The number of usable questionnaires collected in the pre-event phase was 808. The number
of usable questionnaires collected in the post-event phase was 354, of which 135 were
for sponsored events, 77 for trade shows, 89 for street events and 53 for pop-up shops.
Summary of findings
- This research shows that events have an impact on brand equity both directly and indirectly through brand experience and, for some events, through brand attitude.
- Specifically, H1, which proposed that the level of post-event equity is significantly higher than the level of pre-event brand equity, was supported: event attendance increased brand equity. This finding suggests that event marketing does not only contribute to the development of specific components of brand equity, as previous literature demonstrated, but also to brand equity overall.
- H2, which stated that brand attitude mediates the relationship between pre-event and post-event brand equity, was only partially supported.

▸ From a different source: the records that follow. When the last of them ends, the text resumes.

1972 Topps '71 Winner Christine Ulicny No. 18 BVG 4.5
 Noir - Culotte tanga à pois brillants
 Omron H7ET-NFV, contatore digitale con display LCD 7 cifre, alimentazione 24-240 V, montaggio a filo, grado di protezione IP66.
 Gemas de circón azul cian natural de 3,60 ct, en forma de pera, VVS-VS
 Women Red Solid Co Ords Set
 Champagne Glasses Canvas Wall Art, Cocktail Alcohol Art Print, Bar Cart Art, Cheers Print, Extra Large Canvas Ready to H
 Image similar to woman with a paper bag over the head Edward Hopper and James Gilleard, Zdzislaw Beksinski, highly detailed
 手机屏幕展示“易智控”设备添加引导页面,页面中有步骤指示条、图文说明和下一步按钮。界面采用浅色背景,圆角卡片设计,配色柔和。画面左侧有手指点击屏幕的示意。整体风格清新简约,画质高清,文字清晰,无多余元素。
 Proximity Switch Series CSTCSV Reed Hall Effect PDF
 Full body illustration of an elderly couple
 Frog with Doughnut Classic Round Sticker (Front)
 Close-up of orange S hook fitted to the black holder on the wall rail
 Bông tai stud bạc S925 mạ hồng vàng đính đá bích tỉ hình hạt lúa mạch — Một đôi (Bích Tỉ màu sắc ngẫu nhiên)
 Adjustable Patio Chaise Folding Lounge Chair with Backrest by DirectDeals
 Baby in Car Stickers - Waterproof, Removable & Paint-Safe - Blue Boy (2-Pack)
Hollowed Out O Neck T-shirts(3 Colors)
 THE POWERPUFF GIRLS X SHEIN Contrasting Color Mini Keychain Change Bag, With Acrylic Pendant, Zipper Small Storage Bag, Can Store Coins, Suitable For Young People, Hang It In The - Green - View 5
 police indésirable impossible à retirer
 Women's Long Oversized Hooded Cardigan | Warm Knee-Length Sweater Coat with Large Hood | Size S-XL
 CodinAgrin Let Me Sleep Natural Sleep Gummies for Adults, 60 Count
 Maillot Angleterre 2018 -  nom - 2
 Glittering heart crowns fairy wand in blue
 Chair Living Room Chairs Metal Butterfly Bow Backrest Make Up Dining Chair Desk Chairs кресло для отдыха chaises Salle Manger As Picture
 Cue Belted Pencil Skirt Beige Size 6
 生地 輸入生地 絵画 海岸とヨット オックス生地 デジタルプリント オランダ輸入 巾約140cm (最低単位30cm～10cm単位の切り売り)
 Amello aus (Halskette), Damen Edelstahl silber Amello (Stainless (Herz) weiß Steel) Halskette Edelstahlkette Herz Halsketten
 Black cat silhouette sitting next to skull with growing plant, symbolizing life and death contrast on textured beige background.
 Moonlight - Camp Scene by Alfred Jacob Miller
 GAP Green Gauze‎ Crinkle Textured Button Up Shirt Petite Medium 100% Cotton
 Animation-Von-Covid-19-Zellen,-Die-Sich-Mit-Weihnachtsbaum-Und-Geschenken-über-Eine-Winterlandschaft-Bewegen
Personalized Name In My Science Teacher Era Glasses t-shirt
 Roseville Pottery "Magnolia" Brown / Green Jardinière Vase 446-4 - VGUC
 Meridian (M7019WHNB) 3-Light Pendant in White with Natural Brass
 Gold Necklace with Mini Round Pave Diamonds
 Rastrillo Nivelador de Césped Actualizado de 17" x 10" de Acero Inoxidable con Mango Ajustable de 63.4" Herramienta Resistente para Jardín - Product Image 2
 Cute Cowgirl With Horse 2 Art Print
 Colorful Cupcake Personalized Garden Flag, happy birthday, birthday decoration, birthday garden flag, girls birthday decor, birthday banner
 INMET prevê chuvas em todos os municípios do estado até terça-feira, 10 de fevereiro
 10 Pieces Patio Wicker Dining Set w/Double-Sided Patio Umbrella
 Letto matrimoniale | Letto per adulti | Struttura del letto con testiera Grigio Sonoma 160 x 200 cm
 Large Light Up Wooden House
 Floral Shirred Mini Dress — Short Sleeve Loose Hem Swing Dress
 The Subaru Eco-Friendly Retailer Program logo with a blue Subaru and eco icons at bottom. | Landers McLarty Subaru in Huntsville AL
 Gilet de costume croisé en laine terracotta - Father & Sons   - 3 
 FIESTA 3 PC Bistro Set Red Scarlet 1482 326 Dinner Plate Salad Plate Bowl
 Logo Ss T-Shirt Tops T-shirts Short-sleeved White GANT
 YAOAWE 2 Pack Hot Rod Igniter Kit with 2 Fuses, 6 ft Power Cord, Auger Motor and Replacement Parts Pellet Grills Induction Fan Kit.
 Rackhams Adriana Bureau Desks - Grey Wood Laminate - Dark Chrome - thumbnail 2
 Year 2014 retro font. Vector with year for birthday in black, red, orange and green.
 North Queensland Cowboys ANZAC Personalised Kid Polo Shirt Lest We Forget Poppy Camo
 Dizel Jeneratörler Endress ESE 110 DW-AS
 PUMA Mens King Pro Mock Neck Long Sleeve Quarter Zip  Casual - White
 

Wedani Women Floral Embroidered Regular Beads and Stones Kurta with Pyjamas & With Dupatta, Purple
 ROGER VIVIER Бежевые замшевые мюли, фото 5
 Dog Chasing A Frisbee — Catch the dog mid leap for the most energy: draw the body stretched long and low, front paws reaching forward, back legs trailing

- The mediating role of brand attitude was verified only for some types of events, namely trade shows and street events.
- Sponsored events, instead,can generate a positive response in terms of brand attitude, but this response does not lead to a behavioural outcome.
- Pop-up shops do not seem to be able to influence brand attitude at all; these events can still produce an increase of brand equity, but this increase does not involve consumers’ attitudes towards the brand.
- H3, which stated that brand experience mediates the relationship between pre-event and post-event brand equity, was fully supported. Event attendance has an impact on brand experience, which, in turn, is a source of brand equity.
- Brand experience plays a mediating role in the process that leads to the development of brand equity, and this role was confirmed for all types of events. Although there are some differences across event types, the analysis performed showed that not all these differences are significant.
- In the case of pop-up shops, the impact generated on brand experience contributes to brand equity more than in the case of trade shows and street events. This may be due to the fact that pop-up shops are new forms of events, which make use of a more structured and immersive space.
- In more traditional events such as sponsored events, the experience that is generated may be less intense, even though this experience still results in an increase of brand equity.
- H4, which stated H4, which stated that brand experience has a stronger mediating role than brand attitude, was confirmed.
- In the analysis with aggregate data, the relationships involving brand experience (i.e. from pre-event OBE to brand experience and from brand experience topost-event OBE) were stronger than those involving brand attitude (i.e. from pre-event OBE to brand attitude and from brand attitude to post-event OBE).
- In the group analysis, the relationships involving brand attitude were not significant in all types of events, whereas those involving brand experience were.
- finally, the hypothesis concerning the relation between brand experience and brand attitude
- H5, was confirmed as well. The chi-square test demonstrated, on an aggregate level, that brand experience positively impacts brand attitude.
- The group analysis showed that this relation is positive and significant in all event types, no matter if the event marketing initiative considered is a sponsored event, a trade show, a street event or a pop-up shop.